Ein feste Burg ist unser Gott
BWV 80
Chorale cantata by J. S. Bach
Occasion Reformation Day
Movements 8
Cantata text Salomon Franck
Chorale "Ein feste Burg ist unser Gott"
by Martin Luther
Vocal SATB choir and solo
Instrumental
  • 3 oboes
  • 2 oboes d'amore
  • oboe da caccia
  • strings
  • continuo

Ein feste Burg ist unser Gott (Our God is a secure fortress),BWV 80, is a church cantata by Johann Sebastian Bach.
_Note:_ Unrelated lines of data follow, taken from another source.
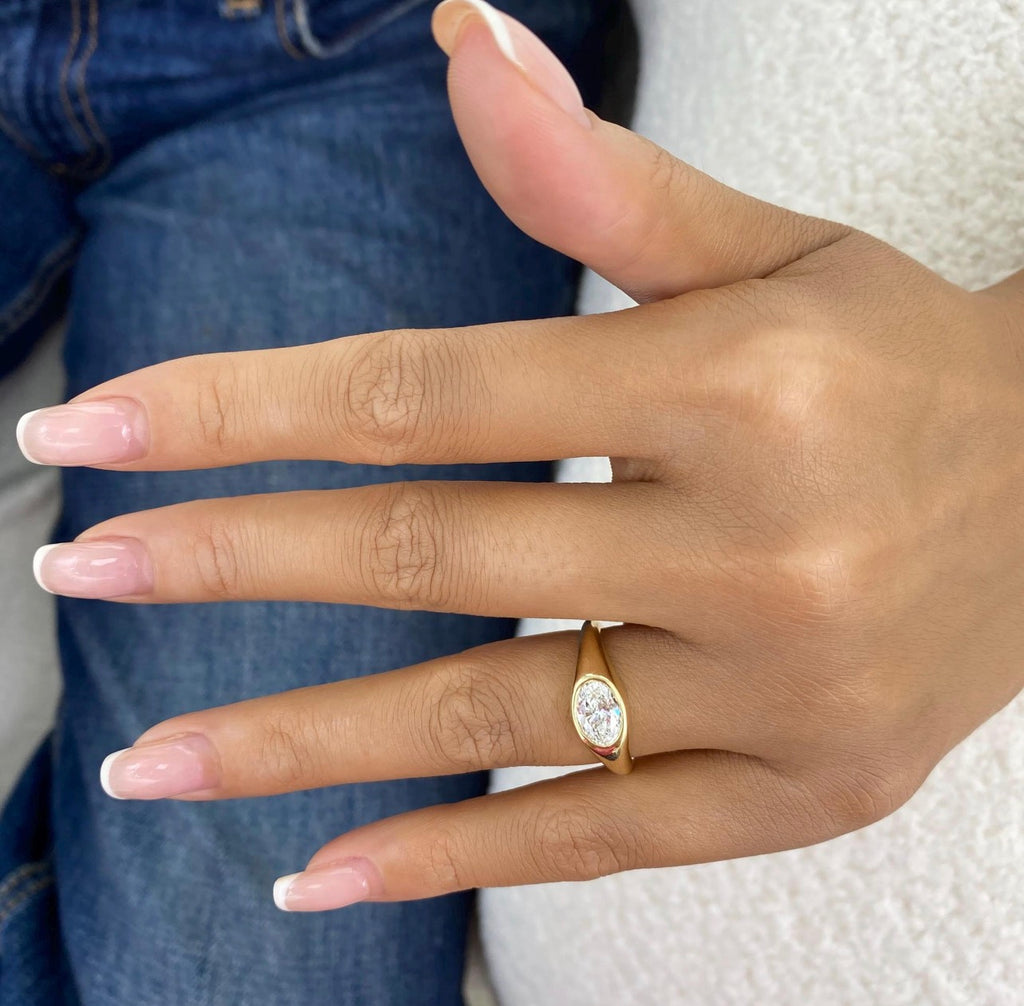 1.00ct Oval East West Set Bezel Ring
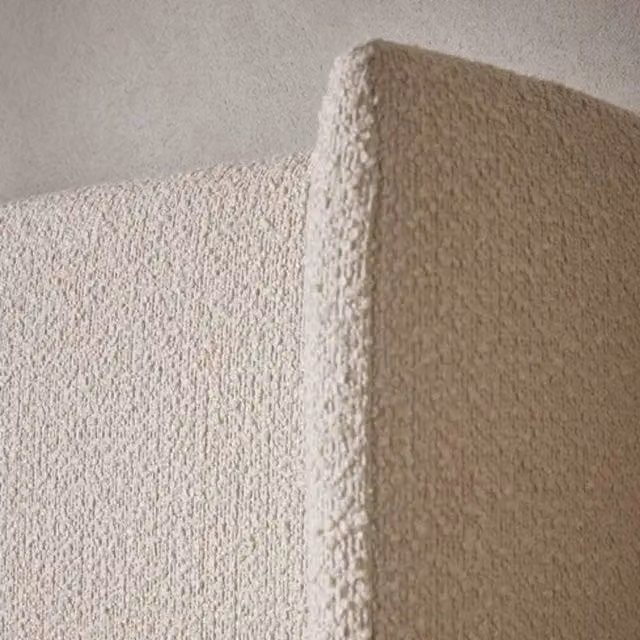 Casani Juliette Boucle Upholstered Bed Frame in Granite, W/D/H: 140 x 200 cm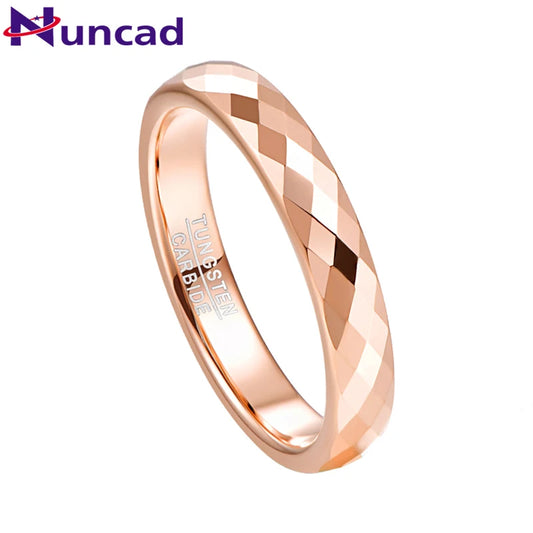 NUNCAD Tungsten Carbide Ring 4mm Width Hammered Finish Rose Gold Color Wedding Band for Women Comfort Fit Rings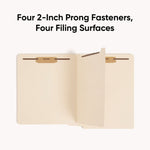 Fastener Folder with Divider, 0.75" Expansion, 1 Divider, 4 Fasteners, Letter Size, Manila Exterior, 50/Box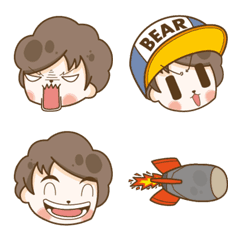 [LINE絵文字] Bear and Black Sheep Emoji 2の画像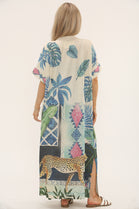 GLITTER V-NECK TROPICAL PRINT DRESS (15225068159360)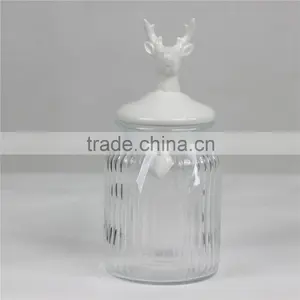 Reindeer Ceramic Bottle,Transparent Ceramic Bottle,Bottle With Bow-knot thumbnail-1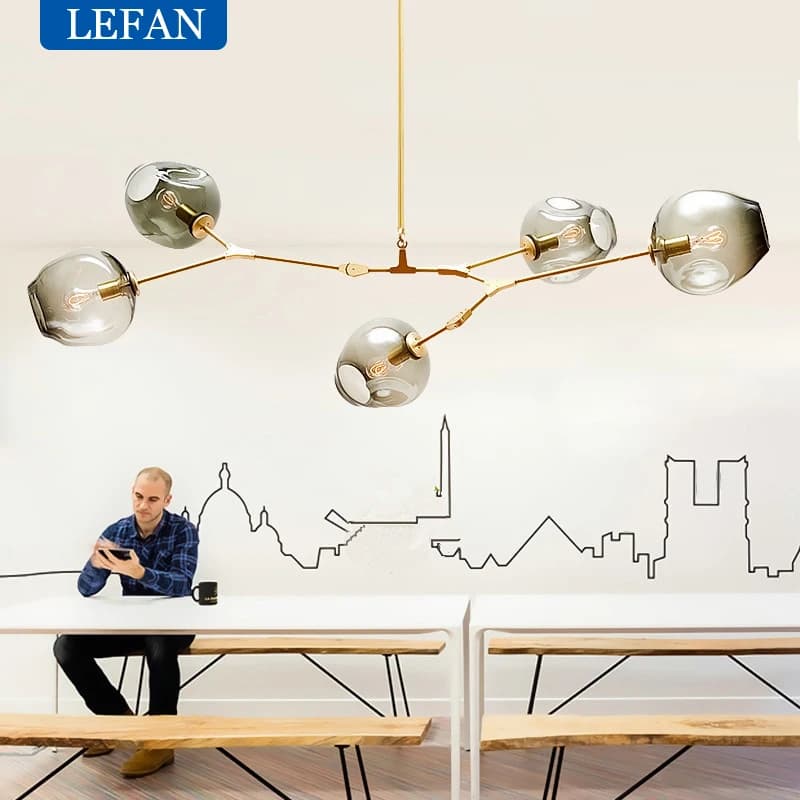 Lustre à bulles en verre moderne pour salon salle à manger île Suspension lampe lumière concepteur Branching luminaires Luminaire suspendu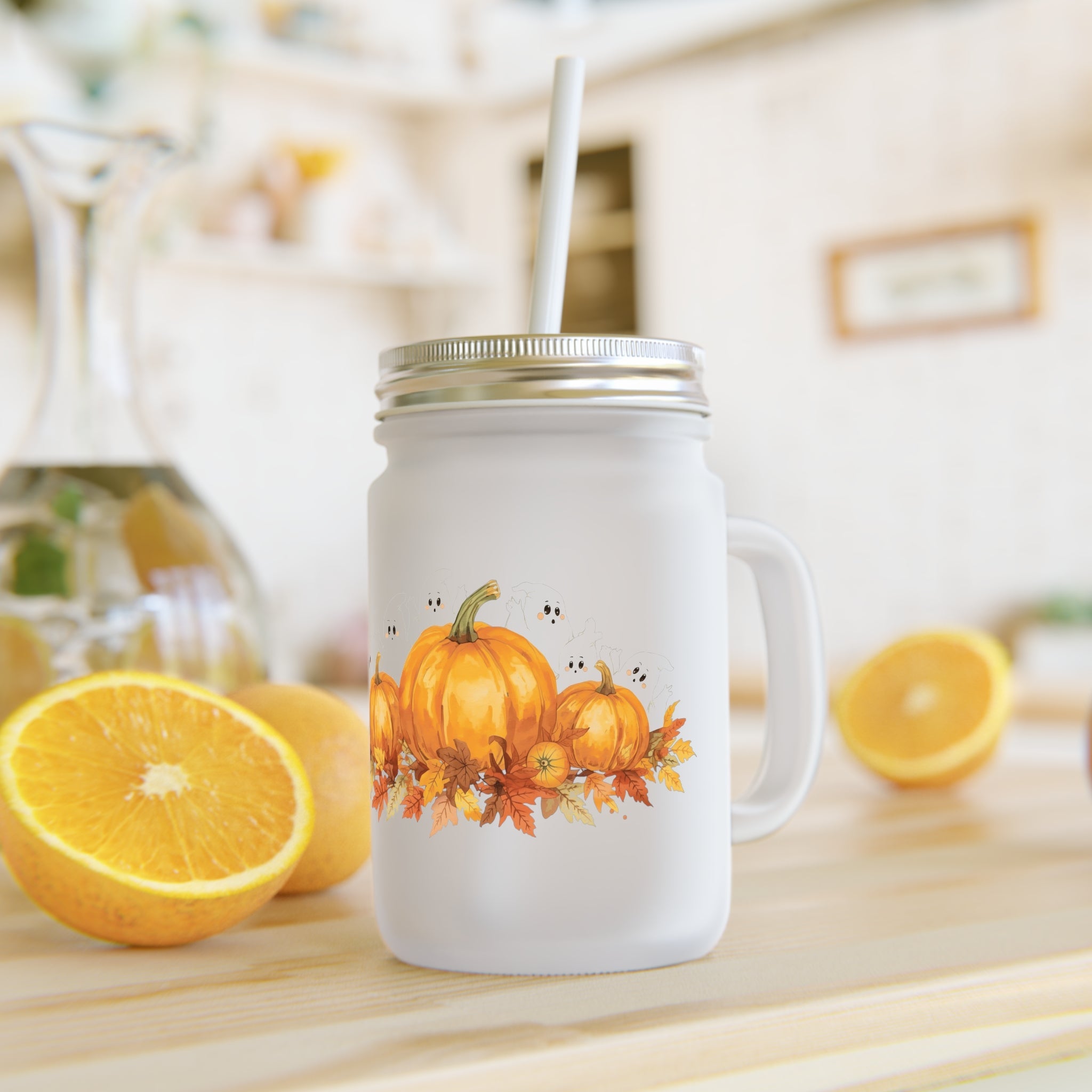 Halloween Pumpkin Coffee Cup with Straw – Frosted Glass Cup with Lid, Festive Fall Drinkware for Iced Coffee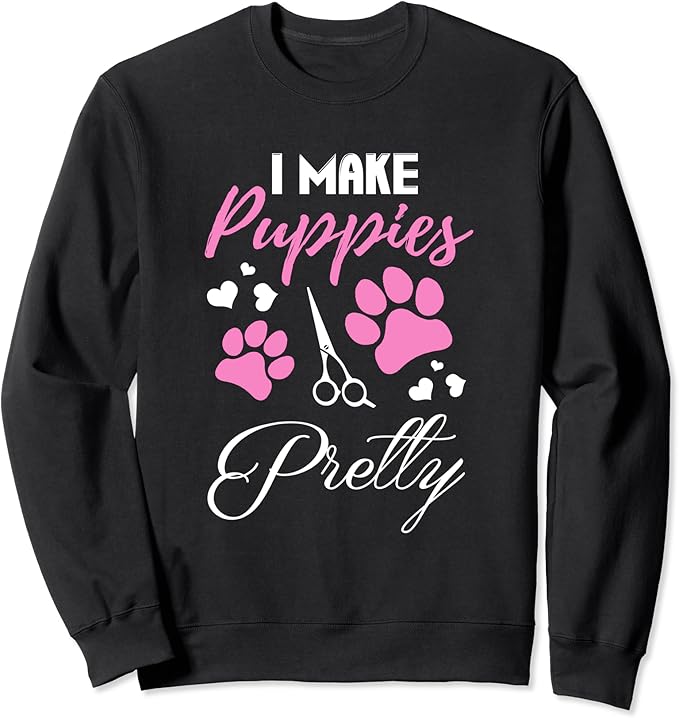 Cute Dog Groomer Sweatshirt Women Dog Grooming Clothing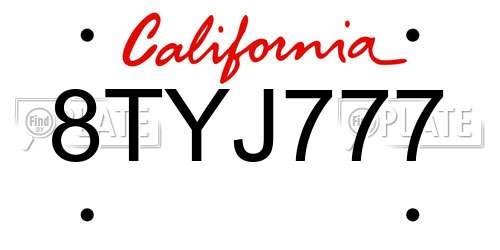8TYJ777 California License Plate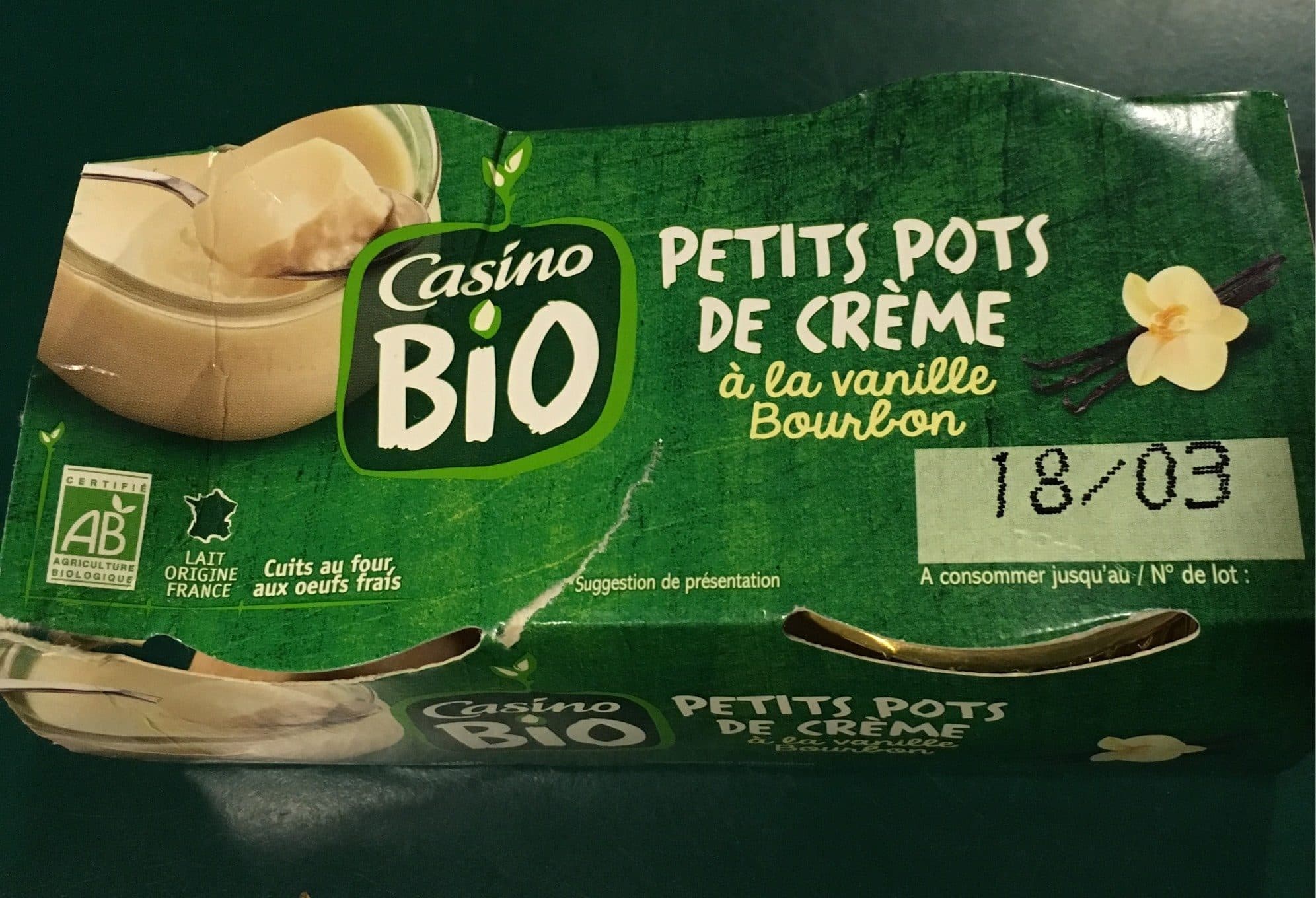 Casino Petits pots de crème à la vanille Bourbon BIO packshot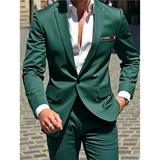 WIAOFELLAS  -  Men's Long-Sleeved Commuter Business Casual Office Suit Jacket With A Lapel And A Button Prom Suits For Men Wedding Suit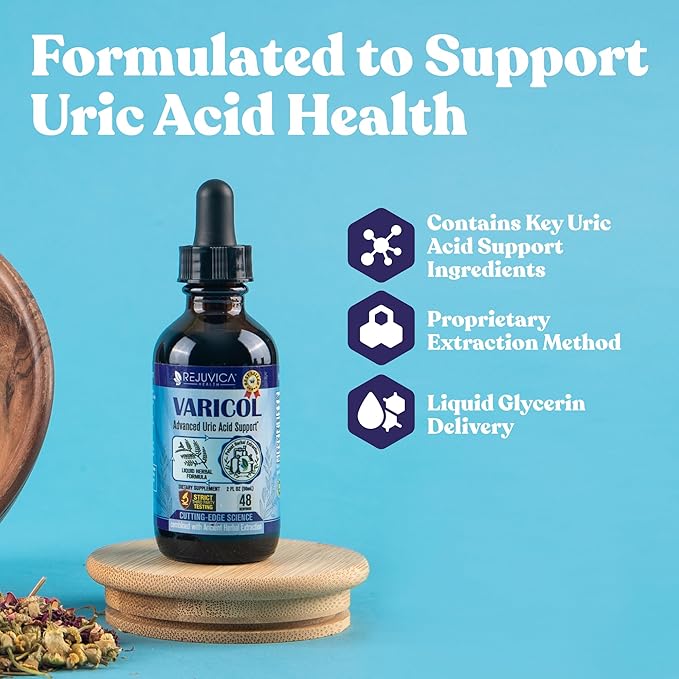 Varicol - Uric Acid Support Liquid Drops - Comfortable Joint & Kidney Support with Tart Cherry, Chanca Piedra, Celery Seed + Ginger Extract Complex - Vegan, Sugar-Free Supplement - 2 fl oz
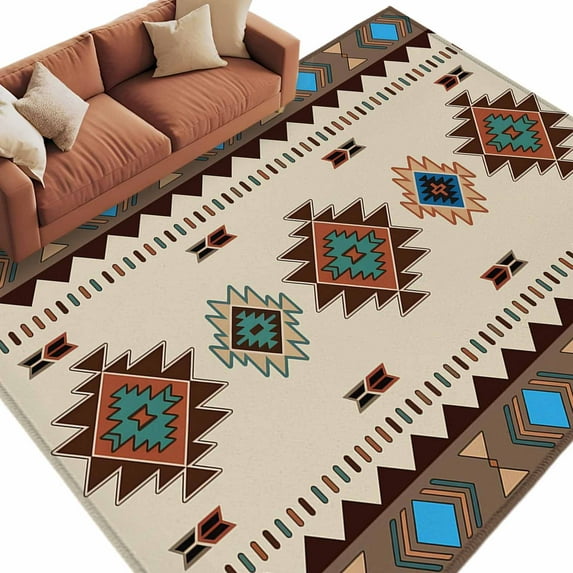 8x10 Area Rugs for Living Room, Boho Southwest Non Slip Area Rugs for Kitchen Bedroom Entryway, Farmhouse Aztec Tribe Brown Blue Plaid Washable Carpet Runner Rug Floor Mats for Bedroom Home Decor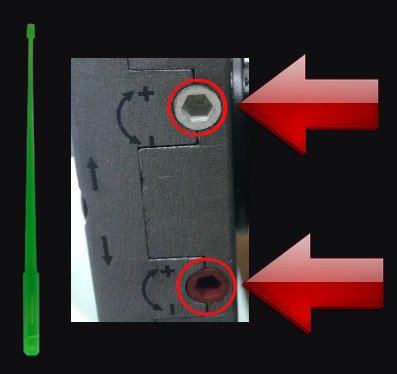 reglage store dooya, reglages stores banne, store extérieur, store de terrasse, probleme store qui ne se referme plus, Pions blanc et rouge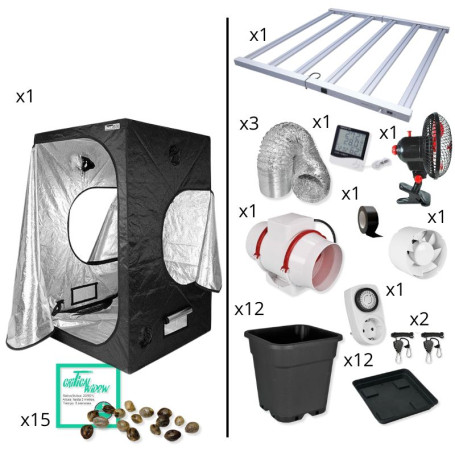 Kit de cultivo medio 120X120X200 con led Agrolite QB730W 2.9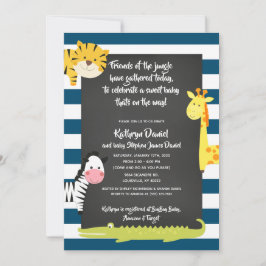 Invitación Baby Shower de Jungle Boy Animal Chalkboard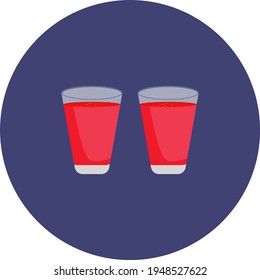 Ilustración vectorial de vidrio de jugo sobre fondo blanco.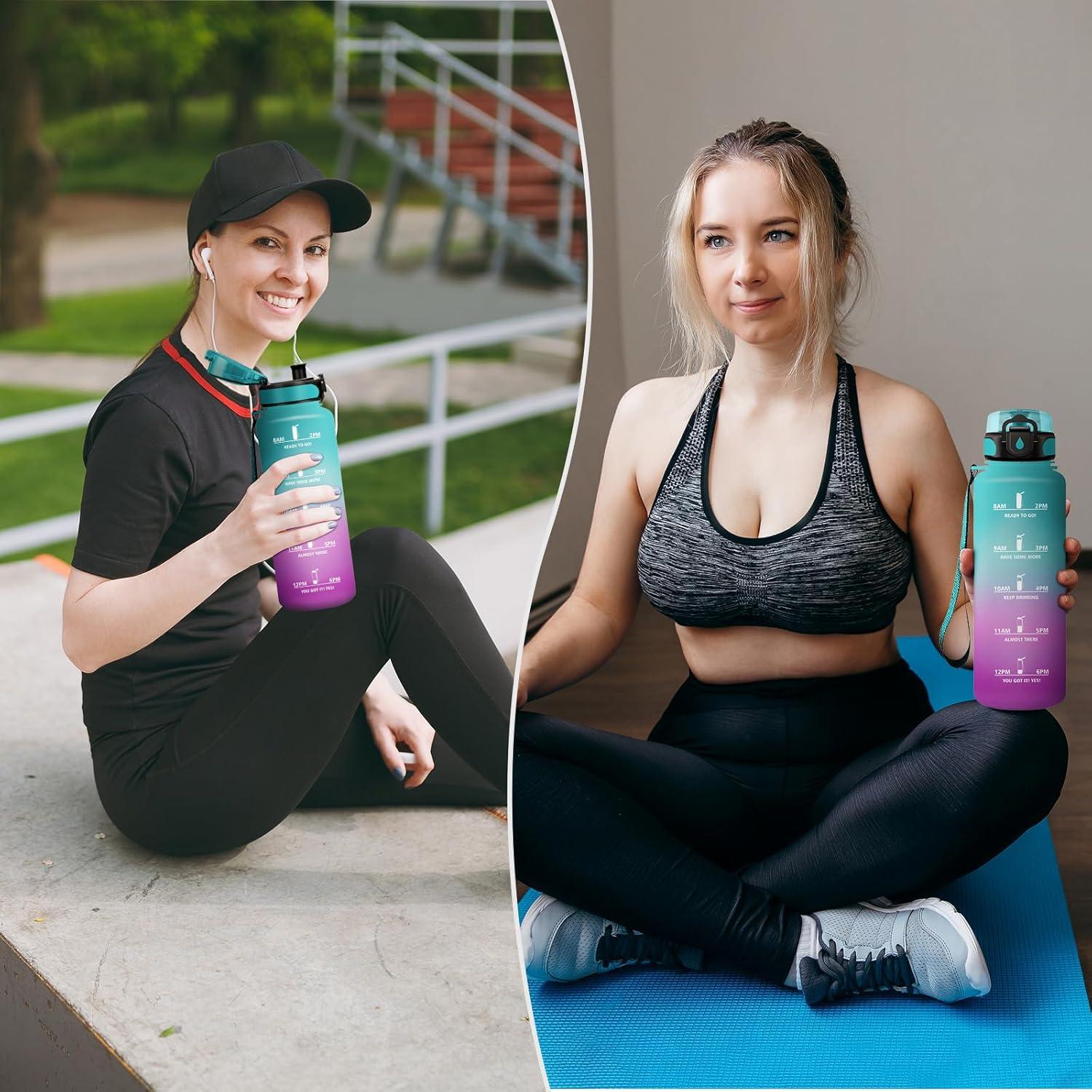 imageGourde Sport 1L Gourde avec Filtre sans BPA Bouteille deau de Motivation avec Marqueur de Temps tanche et Rutilisable Bouteille Rutilisable pour lcole Sport Bureau Yoga Camping50oz1500ml Vert Rose Clair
He composed the chorale cantata in Leipzig for Reformation Day, 31 October; an early version (BWV 80b) of the work may have been written as early as 1723, and a later version with an extended chorale fantasia as the opening movement was possibly written in 1735. The cantata is based on Martin Luther's hymn "Ein feste Burg ist unser Gott".

Bach reused for Ein feste Burg ist unser Gott a cantata in six movements on a text by Salomon Franck which he had composed in Weimar for Oculi, the third Sunday in Lent: he could not use this cantata for the same occasion in Leipzig because no cantatas were performed there during Lent, but it matched the celebration of the Reformation well as two movements already contained Luther's hymn. In Leipzig, with an additional opening movement and another inserted chorale setting, he presented the text of all four stanzas of the hymn unchanged.

Bach scored the cantata for four vocal soloists, a four-part choir and a Baroque chamber ensemble of up to three oboes of different kinds, strings and continuo. His son Wilhelm Friedemann Bach arranged the first and fifth movements after his father's death, adopting a new text and adding trumpets and timpani.

Bach wrote the cantata in Leipzig for Reformation Day. The prescribed readings for the feast day were from the Second Epistle to the Thessalonians, "be steadfast against adversaries" (), and from the Book of Revelation, instructing believers to fear God and honour him ().